US-based global security data analysis non-profit the Centre for Advanced Defence Studies (C4ADS) conducted the study, titled ‘Strings attached: exploring the onshore networks behind illegal, unreported and unregulated fishing’, over 15 months; identifying and analysing suspect business practices by 29 networks, comprising over 2,000 companies, believed to have engaged in IUU fishing practices. Companies investigated in the IUU fishing report were found to have established complex structures of ownership, with many vessels suspected of engaging in illegal fishing registered under the names of shell companies in jurisdictions with low levels of transparency.

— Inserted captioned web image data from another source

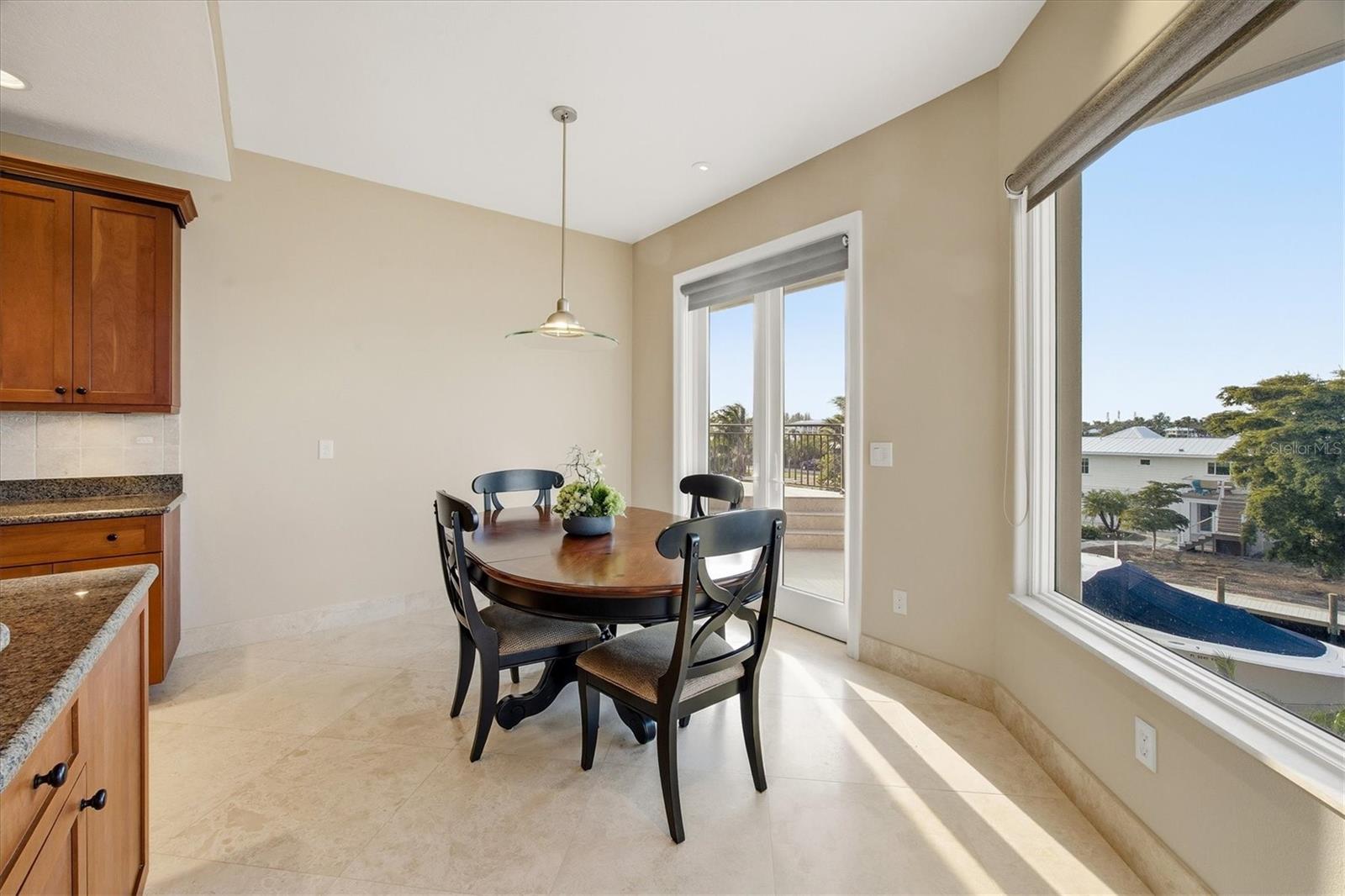 Image 37 of 67 For 761 Norton Street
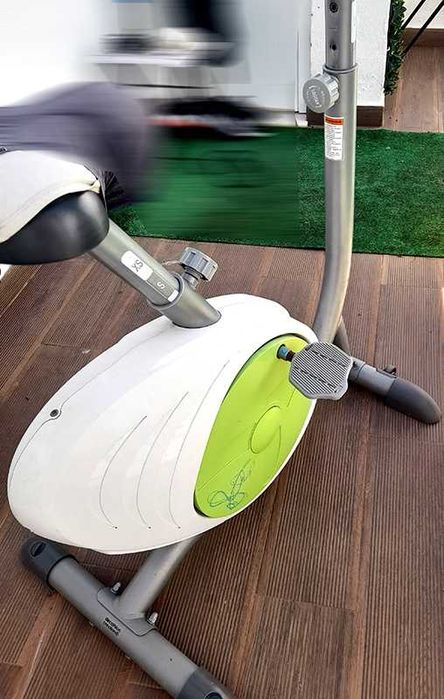 Bicicleta estática em muito bom estado.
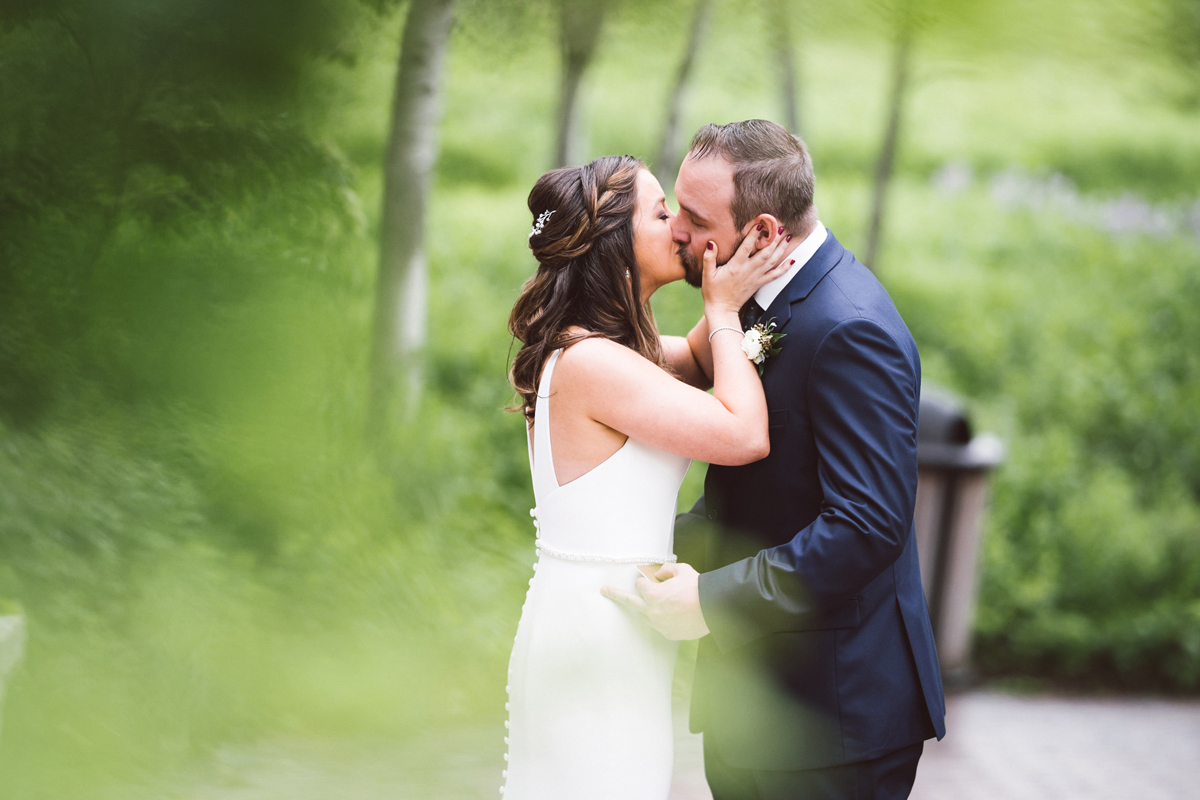 two_birds_photography_jacob_moreland_chicago_westmont_wedding_photographer_Independence_grove_june_summer_13.jpg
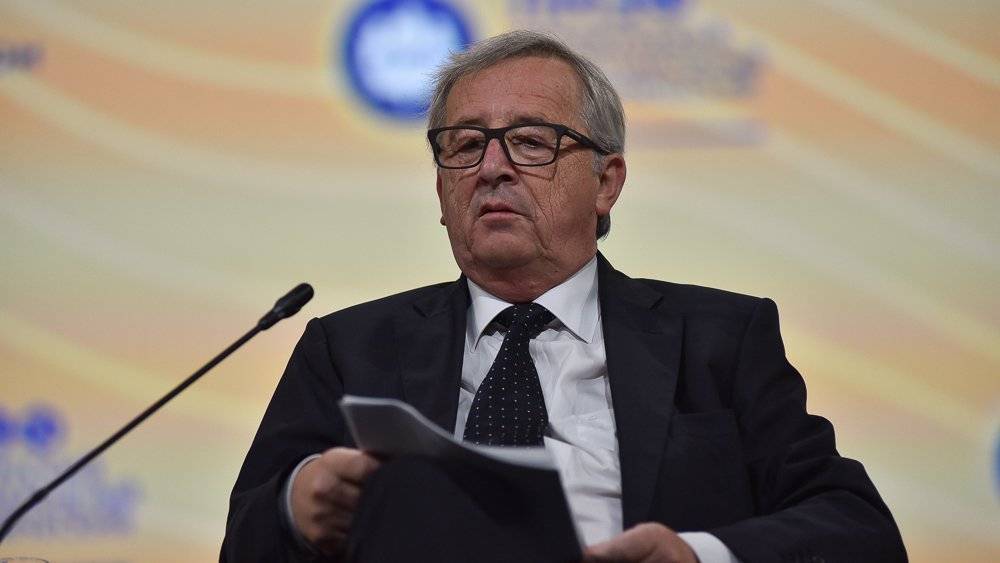 Председатель Европейской комиссии Юнкер направлен на срочную операцию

Scrutiny by maritime law enforcement bodies of IUU fishing has typically focused on vessels operating at sea. C4ADS’s IUU fishing report highlights the failure of authorities to regulate or enforce onshore activity which enables illegal fishing to continue; and which is frequently linked to other illicit activity, including organised crime, human trafficking and fraud.
The report notes: “Our investigations into IUU networks highlight the necessity of expanding the scope of enforcement action against IUU fishing and drawing attention to the transnational networks behind this activity… it is clear that enforcement needs to adopt measures to more effectively identify and understand the major facilitators that are based onshore, including non-compliant flag states, the ultimate beneficial owners of fishing vessels, and other actors exploiting the fishing sector. Without the continued support of these key actors, IUU fishing vessels at sea would have fewer opportunities to land and launder illicit catch, diminishing the associated profits.
“IUU fishing can only be adequately addressed through cross-jurisdictional investigations, laws and regulations targeting the entities behind the fishing vessels. The consequences of low transparency and a lack of accountability in the global fishing sector extend far beyond issues of sustainability. These vulnerabilities also directly facilitate the extortion of revenue from states and undermine the legitimacy of governance and the legality of the seafood supply chain around the world.”